La razón de lo que se acaba de decir es que, frente a los libros, no todos mostramos la misma actitud. Hay quienes apenas sienten el más mínimo interés por ellos y hay otros, en cambio, que los veneran. La mayoría de la gente se muestra, como en casi todo, bastante indiferente: para enterarse de lo que le interesa, prefiere escuchar y ver, que tener que hacer el esfuerzo de leer. Y sin embargo, los libros atesoran riquezas espirituales impagables. Quienes los escriben, lo hacen porque creen tener algo que decir o que contar. Han proyectado su intelecto sobre los distintos sectores del saber o de la actualidad, o han adentrado su espíritu en el ámbito de su desbordante imaginación, y lo han hecho para comunicarse con los lectores, para instruirlos, informarlos o simplemente entretenerlos.

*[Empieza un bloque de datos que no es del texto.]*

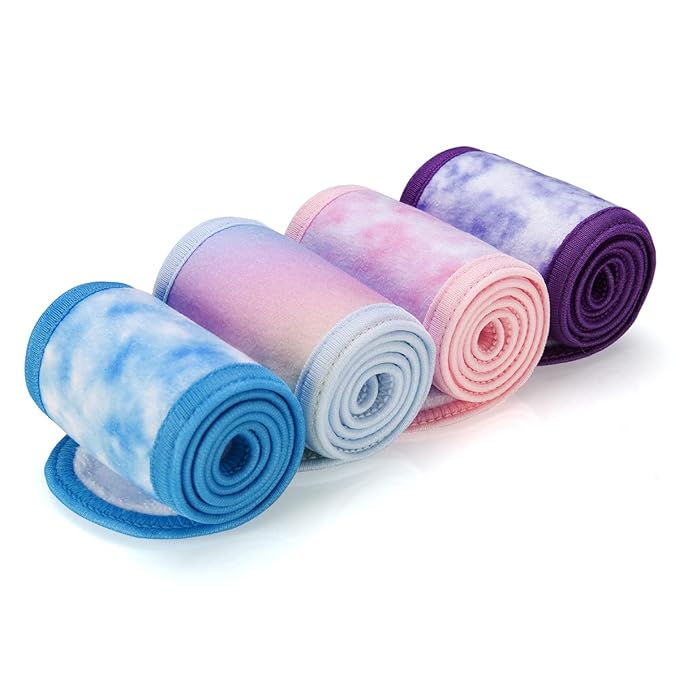 Denfany Spa Facial Headband 4 Pack Ultra Soft Adjustable Skincare for Face Washing, Shower, Facial Mask, Yoga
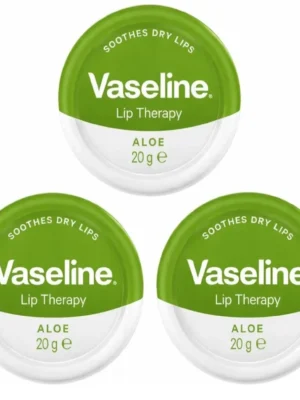 3× Vaseline Lip Balm Therapy Petroleum Jelly With Aloe Vera 20g Travel Size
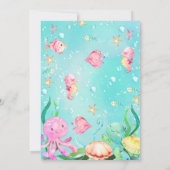 Meisjes Roze Octopus Oneder Het Zee 1e Verjaardag Kaart (Achterkant)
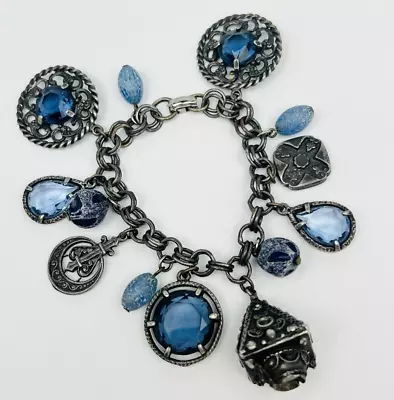 Vintage Etruscan Egyptian Revival 13 Charm Bracelet Cross Faceted Blue Crystal • $45.01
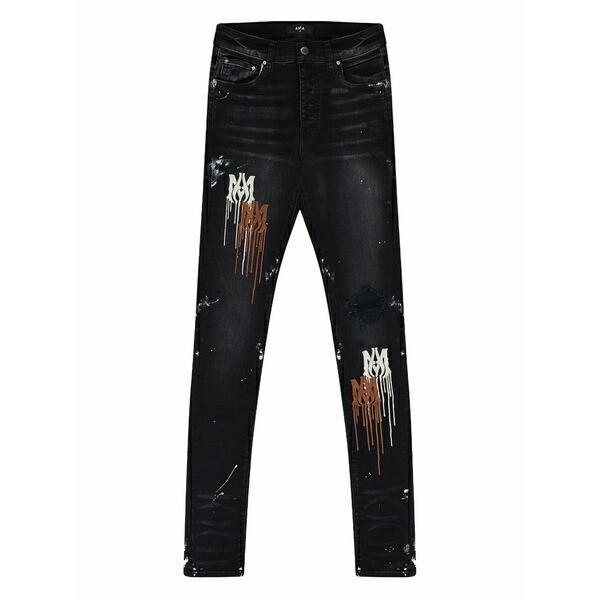 アミリ メンズ デニムパンツ ボトムス Paint-drip jeans Black｜asty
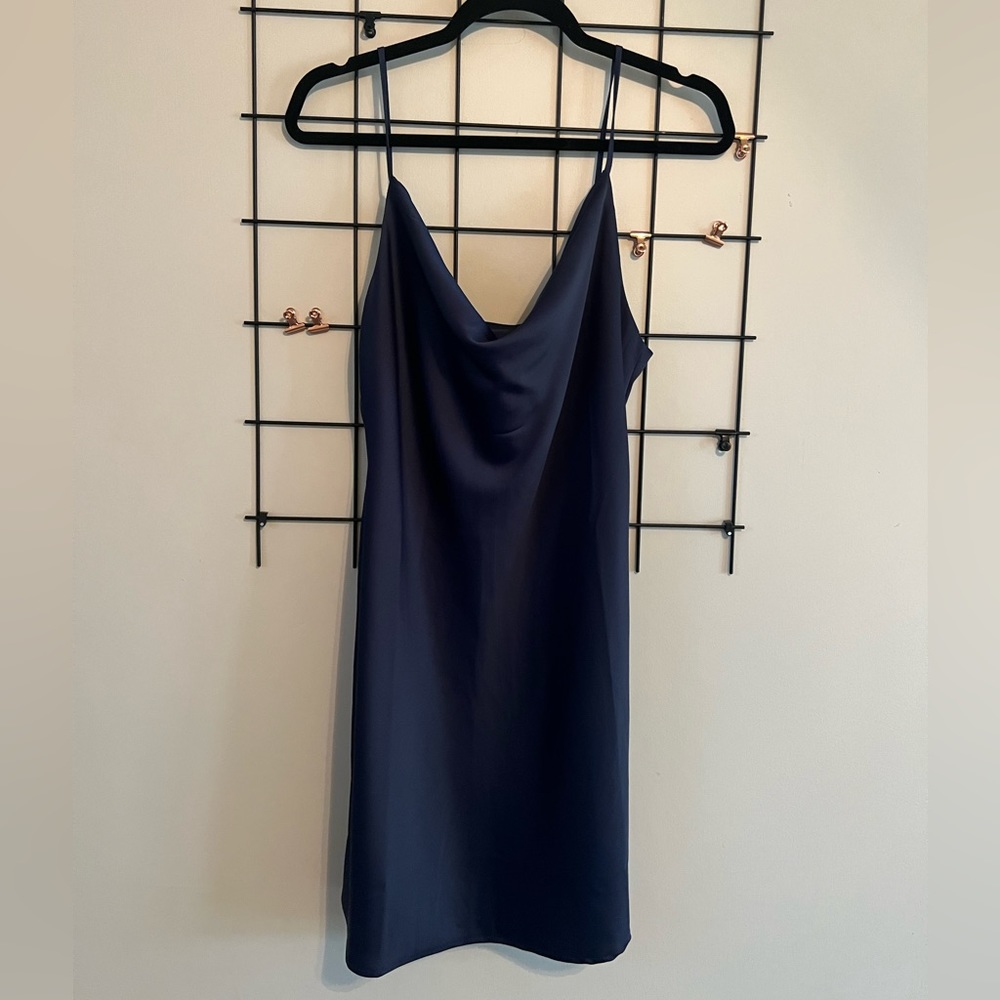 Urban Outfitters Deep Blue Silk Mini Dress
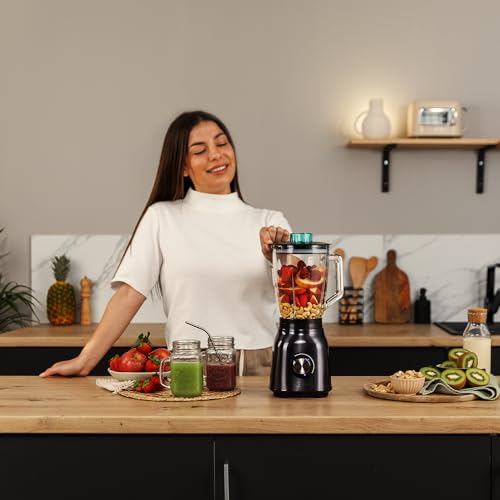 Cecotec - 1800W Power Blender with 5 Speeds, 6 Stainless Steel Blades, Ice Crusher, Turbo Function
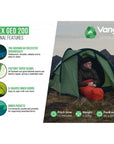 Vango Apex Geo 200 Tent - 2 Man Semi-Geodesic Trekking Tent (Pamir Green)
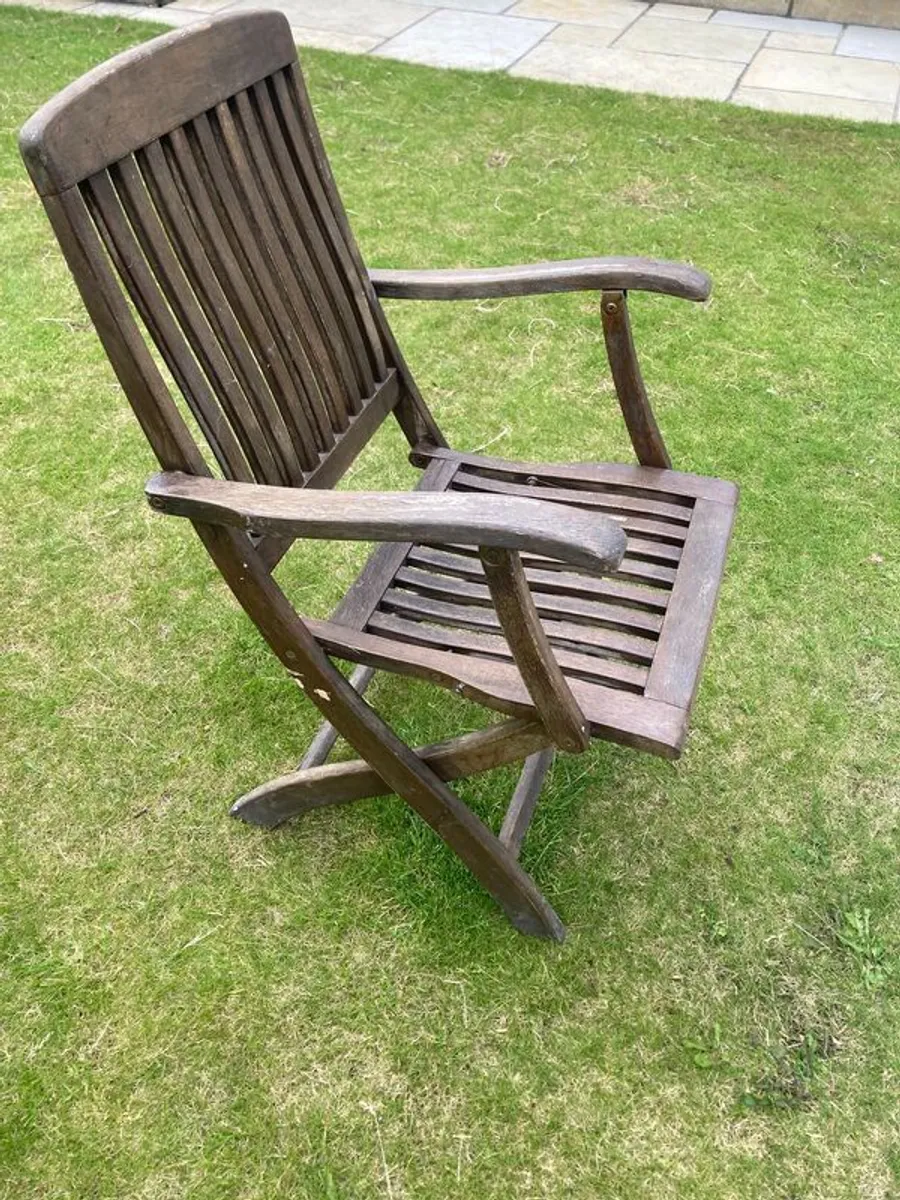 Teak Folding Patio Chairs  Set Of 4 - Image 3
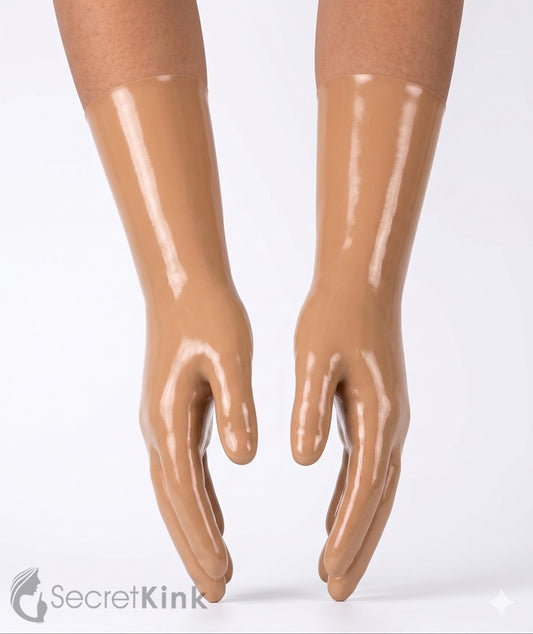Nude Latex Forearm Gloves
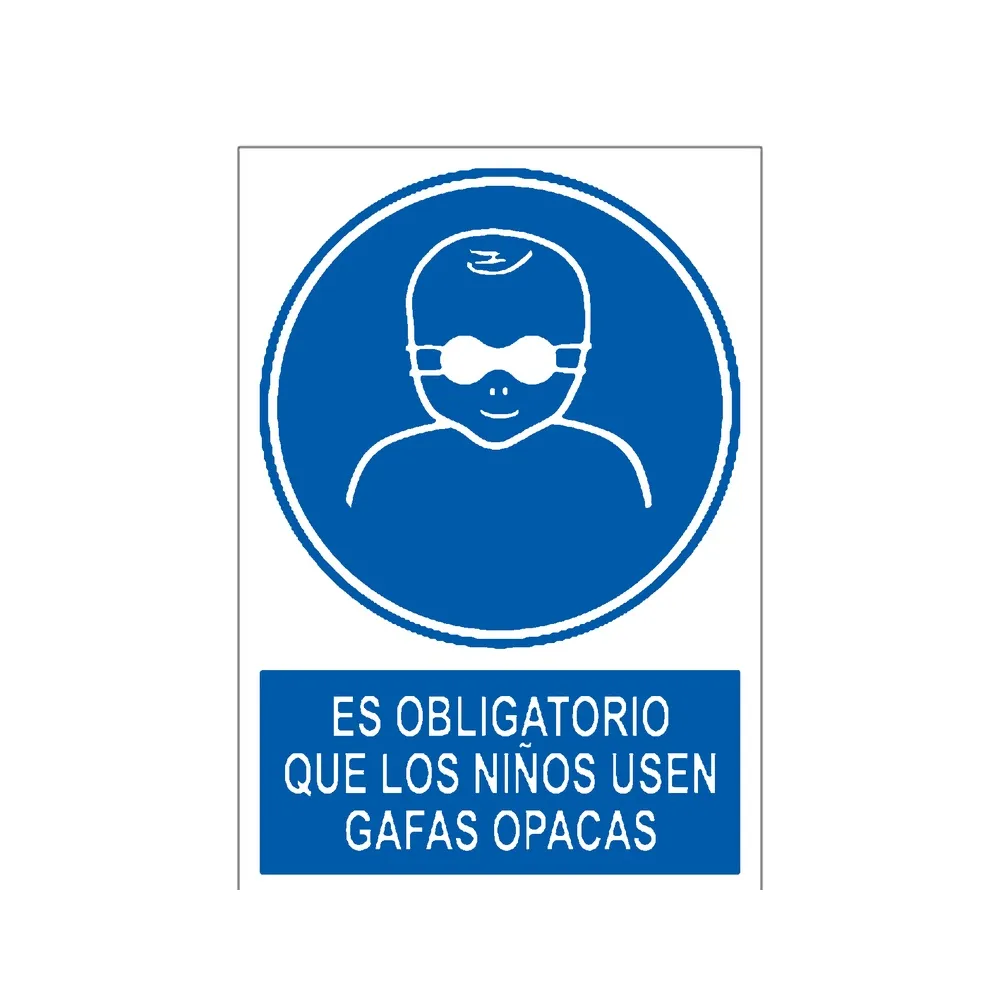 Señal / Cartel de Obligatorio que los niños usen gafas opacas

Además, en la novela, más que en ningún otro género, el enorme esfuerzo que hay detrás desemboca en obras que solo se “consumen” una vez. Al contrario, por ejemplo, de las obras musicales que pueden disfrutarse numerosas veces, las novelas se parecen a los platos que cocinamos: suelen consumirse una sola vez, el “ya la leí” es una declaración de que no será objeto de relectura.

Pero si lo que antecede es cierto también lo es que en el momento de escribir, el autor tiene la esperanza de que su obra llegue a ser muy leída. Por eso la escribe y aunque le asalte la duda de que pueda resultar un fracaso de lectores, no deja por ello de escribirla. Pueden más sus deseos de dar una parte de sí mismo y de inmiscuirse en las mentes de otros, que el destino comercial que haya de correr su obra: en el momento mismo de escribir acepta ya el porvenir del fruto de su talento.

Por eso, la gran mayoría de los que escriben y publican sus obras lo hacen sabiendo que su arte no les dará ni siquiera para malvivir. E incluso los pocos que llegan a poder vivir de sus obras, son por encima de todo “autores”: sienten más la necesidad de crear que la de obtener un rédito de su tarea. Publicar implica correr el riesgo de que la obra tenga poco éxito, pero también el de que sea una obra exitosa, en cuyo caso al rédito económico se agregará el subidón de auto estima y vanidad (que no soberbia) que experimentará el autor.